**Problem statement:** Make an exact copy of the listing below. Pictures stay out of it.

**Collected data:**
::::
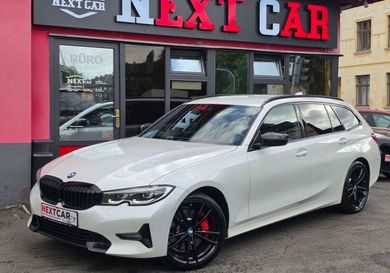 BMW 330, 2019
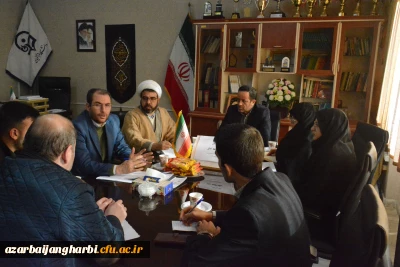 جلسه استانی ستاد اقامه نماز در دانشگاه فرهنگیان استان آذربایجان غربی برگزار شد:

شرکت حداکثری دانشجو معلمان و اعضای هیأت علمی و اساتید استان در اجلاس سراسری نماز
::::
**Finished task:**
 BMW 330, 2019
 جلسه استانی ستاد اقامه نماز در دانشگاه فرهنگیان استان آذربایجان غربی برگزار شد:

شرکت حداکثری دانشجو معلمان و اعضای هیأت علمی و اساتید استان در اجلاس سراسری نماز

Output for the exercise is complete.